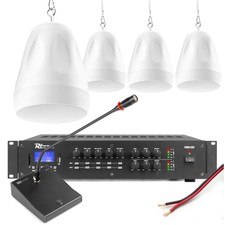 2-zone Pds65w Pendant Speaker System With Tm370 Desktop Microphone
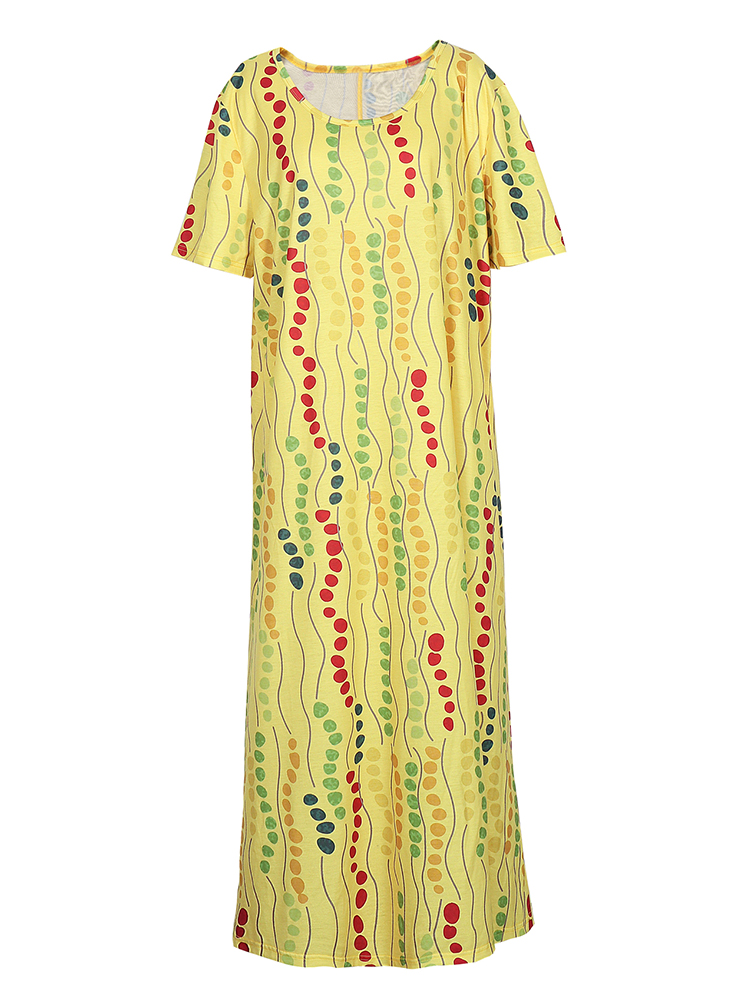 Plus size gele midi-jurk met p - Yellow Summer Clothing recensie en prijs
---
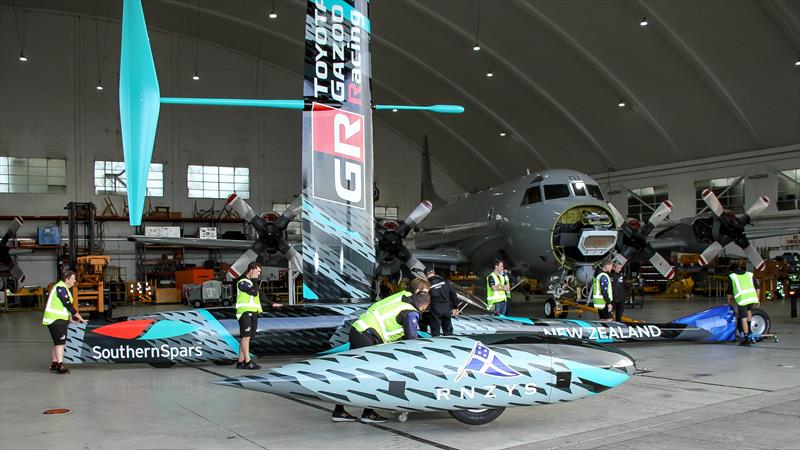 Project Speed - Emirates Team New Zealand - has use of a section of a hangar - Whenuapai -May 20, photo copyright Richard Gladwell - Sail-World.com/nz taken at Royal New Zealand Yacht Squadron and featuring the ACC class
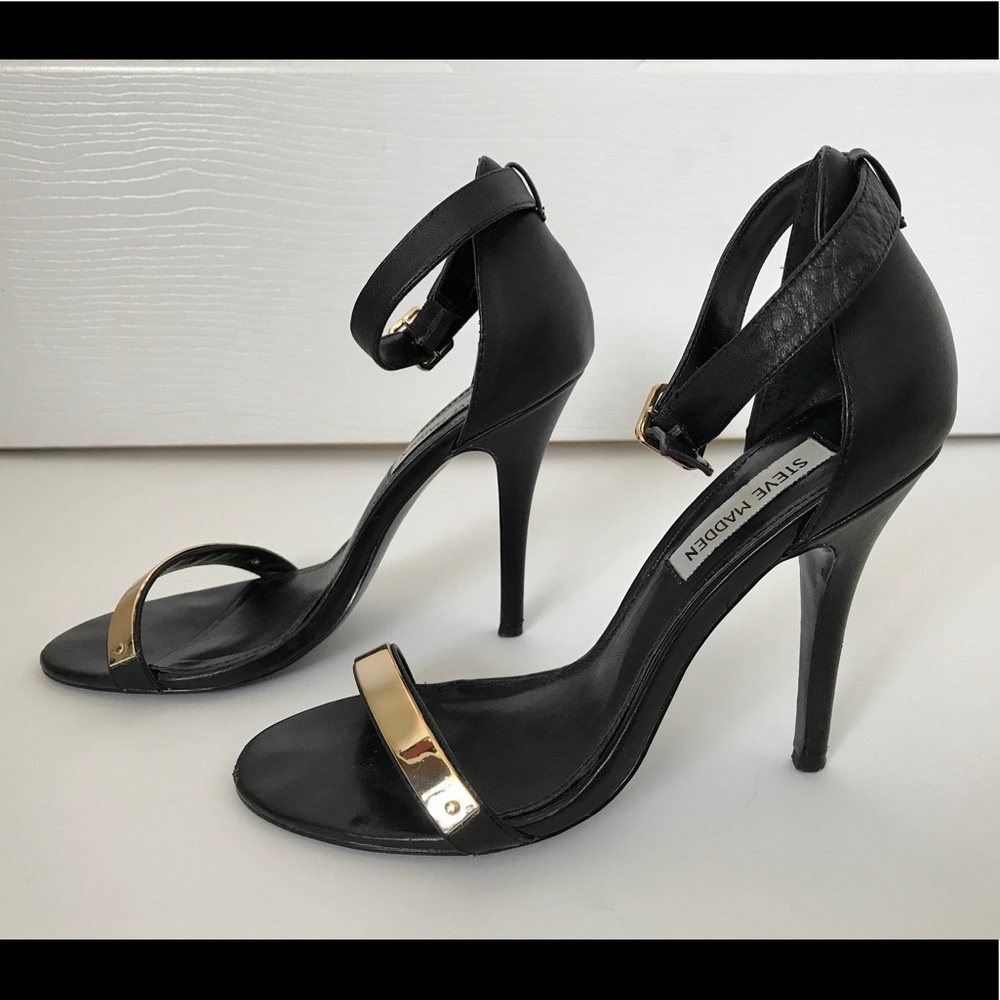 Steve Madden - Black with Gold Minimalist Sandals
---
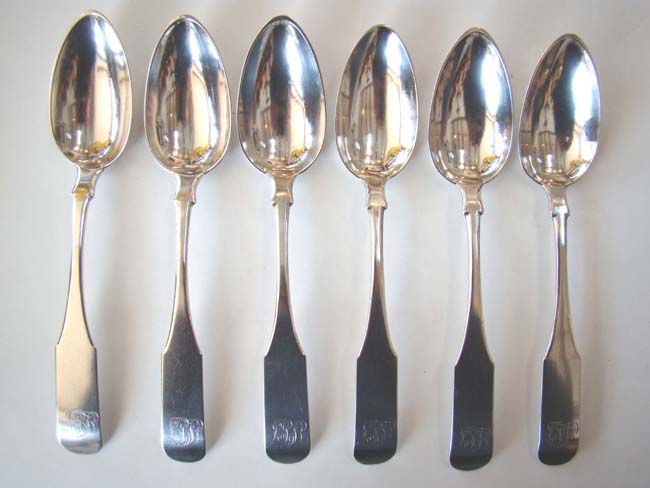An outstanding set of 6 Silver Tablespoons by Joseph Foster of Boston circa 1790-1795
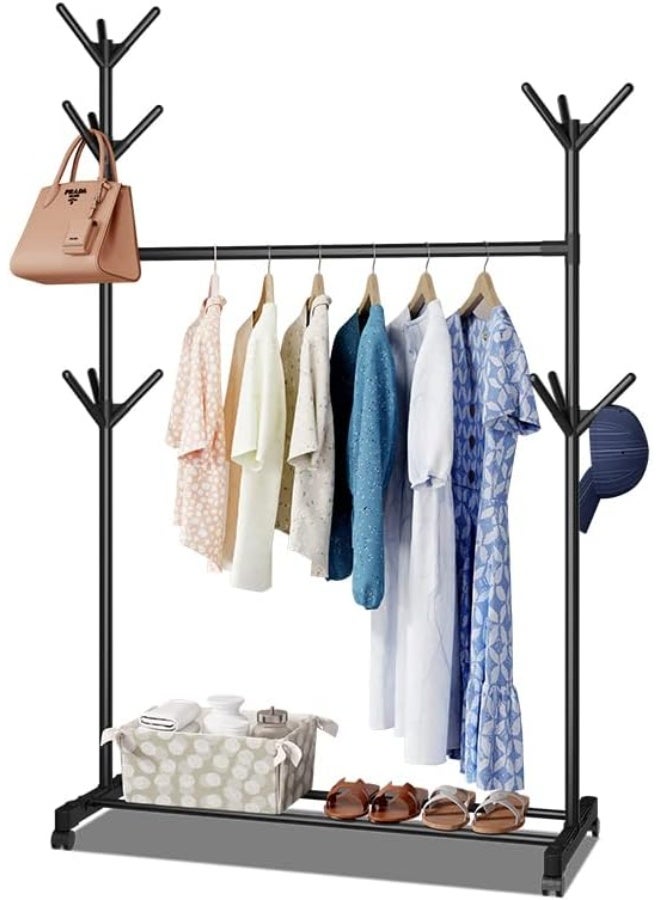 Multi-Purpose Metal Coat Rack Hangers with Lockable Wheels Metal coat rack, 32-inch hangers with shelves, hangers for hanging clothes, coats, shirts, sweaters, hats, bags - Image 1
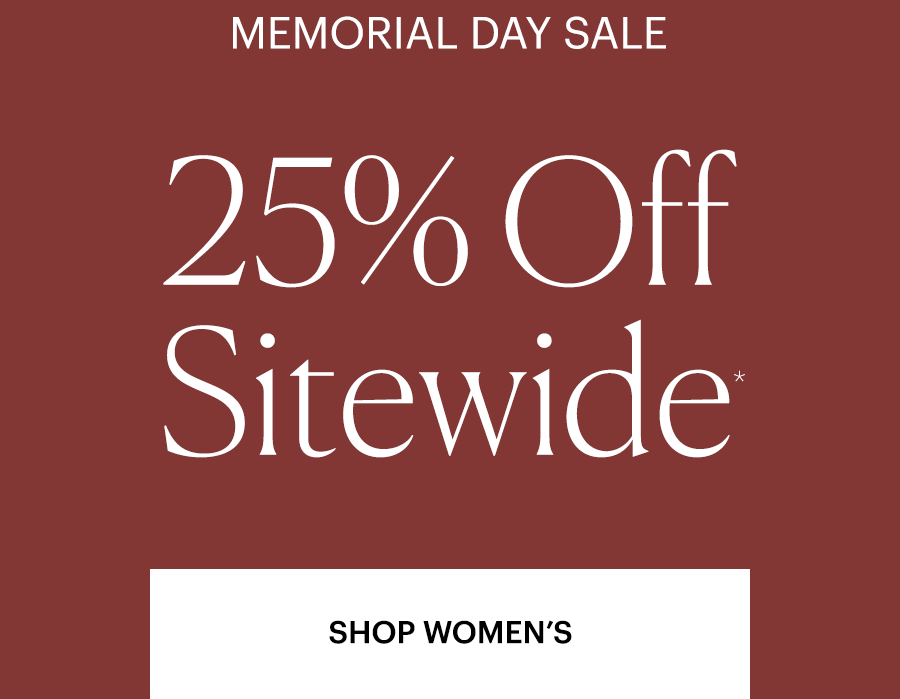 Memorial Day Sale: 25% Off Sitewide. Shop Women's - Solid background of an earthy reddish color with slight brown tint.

> _Exercise goal_
Every line above from the one with "2-zone Pds65w Pendant" down to the one with "Plus size gele" must be written out exactly, and no picture may appear.

> _Written response_
 2-zone Pds65w Pendant Speaker System With Tm370 Desktop Microphone
 Plus size gele midi-jurk met p - Yellow Summer Clothing recensie en prijs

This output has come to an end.